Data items

##########

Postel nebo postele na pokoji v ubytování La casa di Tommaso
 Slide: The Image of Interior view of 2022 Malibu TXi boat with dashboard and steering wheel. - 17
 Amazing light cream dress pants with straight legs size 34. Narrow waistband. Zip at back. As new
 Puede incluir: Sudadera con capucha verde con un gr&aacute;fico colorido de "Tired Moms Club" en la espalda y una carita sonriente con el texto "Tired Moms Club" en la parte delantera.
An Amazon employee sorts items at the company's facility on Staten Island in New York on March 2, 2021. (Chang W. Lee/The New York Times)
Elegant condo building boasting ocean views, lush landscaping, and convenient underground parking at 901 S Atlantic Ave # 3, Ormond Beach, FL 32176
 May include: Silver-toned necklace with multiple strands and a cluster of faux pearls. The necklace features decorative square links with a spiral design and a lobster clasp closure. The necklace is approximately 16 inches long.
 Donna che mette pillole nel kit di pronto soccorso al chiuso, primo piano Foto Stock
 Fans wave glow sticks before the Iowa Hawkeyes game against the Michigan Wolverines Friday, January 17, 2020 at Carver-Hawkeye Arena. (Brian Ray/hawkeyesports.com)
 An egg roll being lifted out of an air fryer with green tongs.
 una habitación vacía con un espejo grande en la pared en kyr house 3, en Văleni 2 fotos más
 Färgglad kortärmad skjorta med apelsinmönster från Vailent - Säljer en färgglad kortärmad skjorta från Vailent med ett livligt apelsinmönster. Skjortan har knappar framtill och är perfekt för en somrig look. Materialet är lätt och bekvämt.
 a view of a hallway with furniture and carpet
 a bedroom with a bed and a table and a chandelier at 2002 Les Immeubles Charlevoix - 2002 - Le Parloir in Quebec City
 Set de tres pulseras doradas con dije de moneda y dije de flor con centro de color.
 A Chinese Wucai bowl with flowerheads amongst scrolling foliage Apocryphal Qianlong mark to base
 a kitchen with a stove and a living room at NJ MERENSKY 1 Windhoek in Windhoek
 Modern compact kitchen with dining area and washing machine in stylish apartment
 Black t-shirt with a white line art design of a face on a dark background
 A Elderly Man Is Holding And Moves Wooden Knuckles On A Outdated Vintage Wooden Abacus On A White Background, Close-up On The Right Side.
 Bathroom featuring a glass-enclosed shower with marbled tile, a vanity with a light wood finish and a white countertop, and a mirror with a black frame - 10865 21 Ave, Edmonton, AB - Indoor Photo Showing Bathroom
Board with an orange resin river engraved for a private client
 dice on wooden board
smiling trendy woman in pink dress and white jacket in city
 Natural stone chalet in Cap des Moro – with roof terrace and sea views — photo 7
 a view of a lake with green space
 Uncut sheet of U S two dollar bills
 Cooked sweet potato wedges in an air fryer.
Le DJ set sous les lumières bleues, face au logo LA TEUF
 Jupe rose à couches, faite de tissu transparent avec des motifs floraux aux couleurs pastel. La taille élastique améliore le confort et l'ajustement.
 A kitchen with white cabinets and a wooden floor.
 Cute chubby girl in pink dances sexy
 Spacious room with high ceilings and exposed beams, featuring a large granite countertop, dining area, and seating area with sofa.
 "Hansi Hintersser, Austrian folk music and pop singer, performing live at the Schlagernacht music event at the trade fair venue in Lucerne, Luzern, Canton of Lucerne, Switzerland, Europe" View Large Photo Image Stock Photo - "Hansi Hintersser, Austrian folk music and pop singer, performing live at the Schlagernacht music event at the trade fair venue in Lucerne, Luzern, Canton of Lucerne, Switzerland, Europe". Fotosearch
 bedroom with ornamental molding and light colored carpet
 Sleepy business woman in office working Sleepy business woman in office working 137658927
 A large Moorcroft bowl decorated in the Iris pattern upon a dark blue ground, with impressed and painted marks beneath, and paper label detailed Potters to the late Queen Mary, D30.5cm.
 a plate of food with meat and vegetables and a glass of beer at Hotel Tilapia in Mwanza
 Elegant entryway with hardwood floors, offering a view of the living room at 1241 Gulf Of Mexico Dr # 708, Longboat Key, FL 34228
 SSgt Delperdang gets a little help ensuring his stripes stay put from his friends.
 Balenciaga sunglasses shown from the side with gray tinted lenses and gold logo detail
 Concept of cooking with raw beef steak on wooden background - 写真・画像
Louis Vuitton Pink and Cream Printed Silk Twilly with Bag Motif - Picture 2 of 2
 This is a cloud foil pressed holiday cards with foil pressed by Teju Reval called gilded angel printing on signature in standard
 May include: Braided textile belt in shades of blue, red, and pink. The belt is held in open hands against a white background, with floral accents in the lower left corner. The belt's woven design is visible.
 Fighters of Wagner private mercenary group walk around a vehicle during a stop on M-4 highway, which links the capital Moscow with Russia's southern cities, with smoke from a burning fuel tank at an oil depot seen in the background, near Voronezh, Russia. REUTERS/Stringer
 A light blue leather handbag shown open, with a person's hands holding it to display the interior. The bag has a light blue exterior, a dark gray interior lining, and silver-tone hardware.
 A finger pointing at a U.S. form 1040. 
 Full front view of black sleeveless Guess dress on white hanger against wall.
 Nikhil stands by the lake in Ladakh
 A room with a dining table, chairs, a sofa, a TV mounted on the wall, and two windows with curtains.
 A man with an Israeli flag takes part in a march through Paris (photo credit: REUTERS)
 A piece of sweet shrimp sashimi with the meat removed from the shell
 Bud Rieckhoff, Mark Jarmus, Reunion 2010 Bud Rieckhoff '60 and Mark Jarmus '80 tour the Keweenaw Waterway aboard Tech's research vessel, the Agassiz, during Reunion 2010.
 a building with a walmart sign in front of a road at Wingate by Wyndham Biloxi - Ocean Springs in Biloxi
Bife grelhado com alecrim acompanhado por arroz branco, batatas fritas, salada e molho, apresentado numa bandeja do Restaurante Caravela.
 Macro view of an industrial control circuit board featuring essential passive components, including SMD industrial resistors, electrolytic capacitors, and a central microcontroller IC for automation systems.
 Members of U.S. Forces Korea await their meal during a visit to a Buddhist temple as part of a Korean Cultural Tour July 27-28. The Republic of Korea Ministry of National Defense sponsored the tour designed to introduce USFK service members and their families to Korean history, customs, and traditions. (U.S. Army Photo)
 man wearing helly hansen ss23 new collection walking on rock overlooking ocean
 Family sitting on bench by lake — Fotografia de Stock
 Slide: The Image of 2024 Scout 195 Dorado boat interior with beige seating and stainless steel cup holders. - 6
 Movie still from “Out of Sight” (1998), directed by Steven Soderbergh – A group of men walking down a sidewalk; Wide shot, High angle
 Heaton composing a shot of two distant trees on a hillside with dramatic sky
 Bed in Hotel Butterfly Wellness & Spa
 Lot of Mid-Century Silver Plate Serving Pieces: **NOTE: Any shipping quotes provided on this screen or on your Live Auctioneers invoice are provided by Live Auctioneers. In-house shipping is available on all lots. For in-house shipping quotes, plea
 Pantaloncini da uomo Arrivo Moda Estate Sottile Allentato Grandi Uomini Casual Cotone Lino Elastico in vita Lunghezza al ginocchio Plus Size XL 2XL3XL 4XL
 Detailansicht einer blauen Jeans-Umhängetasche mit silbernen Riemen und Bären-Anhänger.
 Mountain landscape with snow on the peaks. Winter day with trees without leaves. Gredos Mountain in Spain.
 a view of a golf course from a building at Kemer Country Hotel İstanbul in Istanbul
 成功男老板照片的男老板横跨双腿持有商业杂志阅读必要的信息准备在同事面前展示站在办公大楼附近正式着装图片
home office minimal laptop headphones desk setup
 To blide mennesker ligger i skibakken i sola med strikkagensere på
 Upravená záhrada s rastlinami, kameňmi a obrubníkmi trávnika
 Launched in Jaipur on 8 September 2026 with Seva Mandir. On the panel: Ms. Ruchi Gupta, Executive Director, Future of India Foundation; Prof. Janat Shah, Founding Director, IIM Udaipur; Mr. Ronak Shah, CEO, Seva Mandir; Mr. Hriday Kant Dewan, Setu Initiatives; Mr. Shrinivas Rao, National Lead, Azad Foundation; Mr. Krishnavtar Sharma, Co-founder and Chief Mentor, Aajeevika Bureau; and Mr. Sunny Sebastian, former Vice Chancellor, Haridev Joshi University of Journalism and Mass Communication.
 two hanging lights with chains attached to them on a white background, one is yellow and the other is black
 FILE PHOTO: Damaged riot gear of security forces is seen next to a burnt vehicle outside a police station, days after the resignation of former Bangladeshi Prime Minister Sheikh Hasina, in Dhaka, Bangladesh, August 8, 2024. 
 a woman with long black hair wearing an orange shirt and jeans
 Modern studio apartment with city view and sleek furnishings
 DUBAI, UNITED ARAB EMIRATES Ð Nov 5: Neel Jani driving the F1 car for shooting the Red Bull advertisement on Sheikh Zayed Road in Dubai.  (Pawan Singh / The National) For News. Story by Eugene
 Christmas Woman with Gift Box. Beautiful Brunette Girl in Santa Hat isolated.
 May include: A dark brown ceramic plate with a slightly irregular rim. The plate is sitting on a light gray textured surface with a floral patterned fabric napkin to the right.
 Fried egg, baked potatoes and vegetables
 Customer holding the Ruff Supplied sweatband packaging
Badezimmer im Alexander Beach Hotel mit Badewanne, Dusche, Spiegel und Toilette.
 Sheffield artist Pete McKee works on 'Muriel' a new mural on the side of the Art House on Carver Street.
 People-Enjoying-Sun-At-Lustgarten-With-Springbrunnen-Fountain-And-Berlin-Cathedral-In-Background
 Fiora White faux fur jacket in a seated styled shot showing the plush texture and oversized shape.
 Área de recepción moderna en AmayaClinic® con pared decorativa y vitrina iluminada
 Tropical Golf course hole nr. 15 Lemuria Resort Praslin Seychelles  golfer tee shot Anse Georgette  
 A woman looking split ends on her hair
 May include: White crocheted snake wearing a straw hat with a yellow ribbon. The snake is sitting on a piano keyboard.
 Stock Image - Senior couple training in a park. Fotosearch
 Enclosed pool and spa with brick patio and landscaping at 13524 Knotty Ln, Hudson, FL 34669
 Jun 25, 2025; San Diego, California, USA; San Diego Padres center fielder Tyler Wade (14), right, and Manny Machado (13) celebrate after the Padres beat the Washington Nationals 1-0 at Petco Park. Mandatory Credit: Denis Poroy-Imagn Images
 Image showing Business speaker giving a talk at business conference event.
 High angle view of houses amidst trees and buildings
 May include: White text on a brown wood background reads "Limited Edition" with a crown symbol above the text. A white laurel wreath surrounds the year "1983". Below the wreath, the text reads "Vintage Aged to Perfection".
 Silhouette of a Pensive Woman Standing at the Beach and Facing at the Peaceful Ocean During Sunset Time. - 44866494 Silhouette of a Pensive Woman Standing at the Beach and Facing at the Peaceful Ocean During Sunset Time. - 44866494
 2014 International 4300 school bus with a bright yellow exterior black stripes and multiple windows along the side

##########

> WHAT YOU NEED TO DO
Using the data above, reproduce exactly the lines between those holding "DUBAI, UNITED ARAB" and "Christmas Woman with", inclusive, and no others.

> ANSWER TO THE EXERCISE
 DUBAI, UNITED ARAB EMIRATES Ð Nov 5: Neel Jani driving the F1 car for shooting the Red Bull advertisement on Sheikh Zayed Road in Dubai.  (Pawan Singh / The National) For News. Story by Eugene
 Christmas Woman with Gift Box. Beautiful Brunette Girl in Santa Hat isolated.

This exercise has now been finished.